News

By Peter J. Smith

WASHINGTON, D.C., August 2, 2007 (LifeSiteNews.com) – The advent of socialized health care and massive taxpayer abortion subsidies may take the United States by stealth, unless the new health care bill proposed by Democrats Sen. Hillary Clinton (D-NY) and Rep. John Dingle (D-MI) is vetoed by President Bush.

Today the US House of Representatives voted 225-204 for a massive expansion of the State Children’s Health Insurance Program (SCHIP), a federal block grant for the states given by Congress designed ostensibly to give health insurance to children of poor working families. In practice, however, opponents of the funding argue, the program has become a backdoor into socialized medicine.

The Children’s Health and Medicare Plan (CHAMP) or H.R. 3162, was proposed earlier this year by Sen. Clinton and Rep. Dingle, and would add $50 billion to SCHIP’s $25 billion budget and morph it into a new entitlement program considerably more socialist, more anti-family and more anti-life than before.

The Clinton-Dingell plan as it exists in the House would cover households with incomes up to 400% above the poverty level, raising the current ceiling from 200%. The program, therefore, would cover 71% of all children in families of four making as much as $82,000.

However pro-life advocates are concerned about the anti-life legislation in CHAMP. The House bill removes Title V abstinence education funding, funds “family planning” services including abortifacient drugs, and guts the Unborn Child Rule, a regulation that allowed states to provide prenatal care to unborn children and their mothers under SCHIP.

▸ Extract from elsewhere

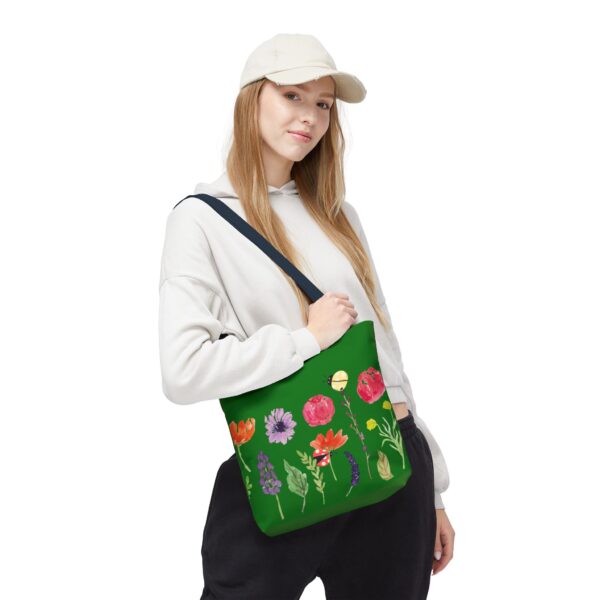 Vibrant Green Floral Tote Bag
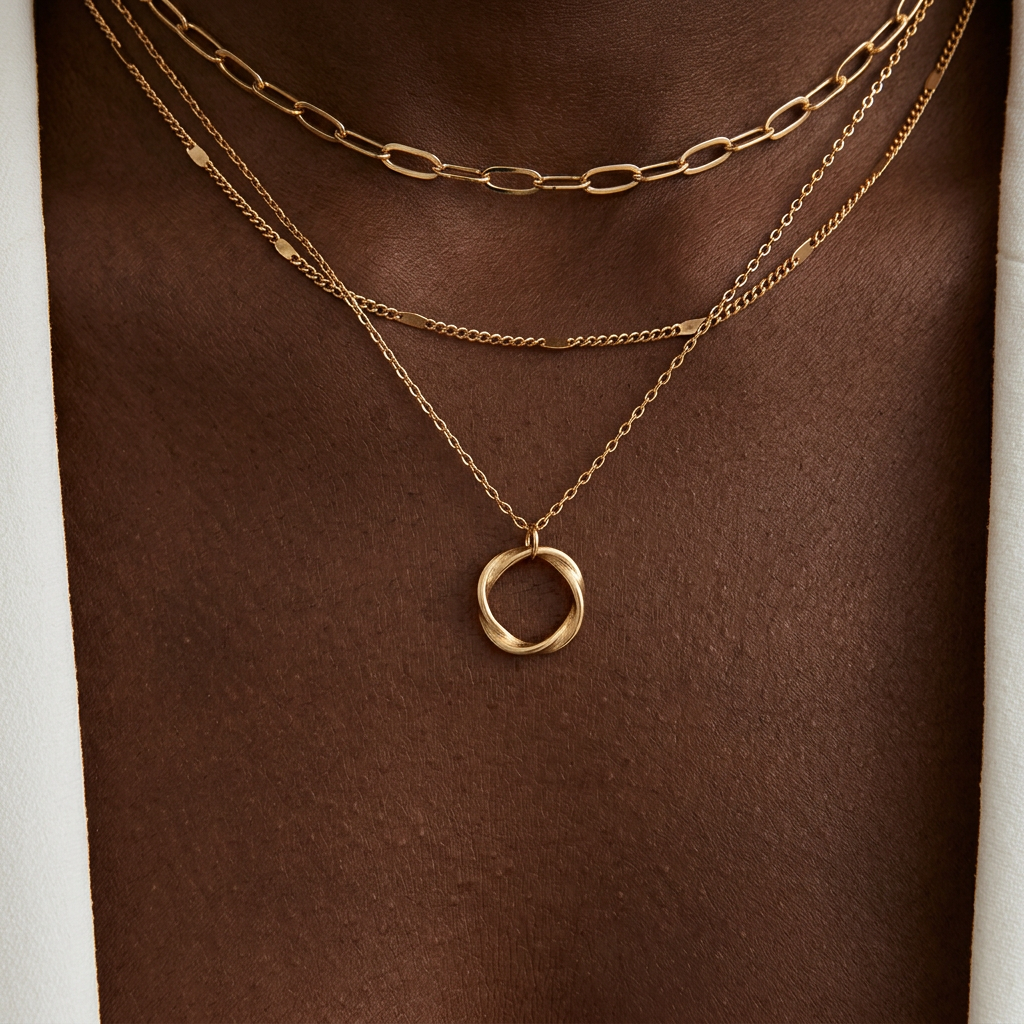 Vintage gold layered chain & pendant necklace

“The new House bill’s ‘pregnant woman’ rule seeks to deny the existence of the child in utero while still covering the adolescent mother,” stated Tony Perkins of Family Research Council. “This is a calculated move to open the door to federal taxpayer-funded abortions.”

Perkins said that funding of abortions would also be massively expanded in the 17 states that currently permit taxpayer funded abortion. Pro-life Sen. Wayne Allard (R-CO) has submitted an amendment to codify the “Unborn Child Rule” although its addition to the Senate bill today is unlikely.

National Right to Life Committee has observed that CHAMP also will force senior citizens on Medicare to drop out of all private fee-for-service plans by 2010, which it says could lead to “involuntary euthanasia” due to certain health care rationing.

“The economic reality is that in order to provide Medicare coverage for the baby boom generation as it retires without unrealistically massive tax increases, government payments per beneficiary will not be able to keep up with medical inflation,” NRLC explained.

“If the funds available for health care for senior citizens from all sources are so limited, the only possible result will be rationing.”

The Senate is expected to pass its “compromise” version of the Clinton-Dingell CHAMP bill today. The “compromise bill” only expands the coverage ceiling to just 300% of the poverty line and increases the SCHIP budget by $35 billion.

Democrats plan to pay for the new SCHIP scheme by raising federal tobacco taxes to 85 cents and hiking taxes on health insurance companies by $2 per person, which Republicans charge would outrageously drive up the cost of premiums, which are already a burden on working Americans.

“The real plan here is to set the stage for a movement of the next gigantic step in the direction of what should be called Hillary-care—national socialized medicine,” said Rep. Jerry Lewis, (R-CA).

Republicans have offered family-friendly alternatives to reform health insurance laws to give working class Americans tax relief to provide health insurance of their choice for themselves and their families. The “Every American Insured Act” sponsored by Obstetrician Sen. Tom Coburn (R-OK) is said to be able to provide “refundable, advanceable tax credits ($2,000-individual/ $5,000 family) to everyone in America regardless of income or employer” in a “budget-neutral manner.” President Bush also proposed a $15,000-per family tax deduction to help uninsured Americans buy health insurance on the open market, allowing rival insurers to compete to offer the best coverage at the best price.

However, Congressional Democrats seem intent on putting the United States one step further toward the same kind of unaccountable, universal, and rationed health care system that exists in Canada or in the United Kingdom.

In 1994, then First-lady, now Sen. Hillary Clinton’s first foray into establishing socialized medicine – “HillaryCare” – incurred a huge public relations defeat for the Clinton administration, prompting the American electorate to sweep Republicans into control of Congress.

SCHIP must be reauthorized by September 30 or the program will expire. President Bush has vowed to veto any legislation that removes Americans options for private health insurance and increases SCHIP’s budget by more than $30 billion.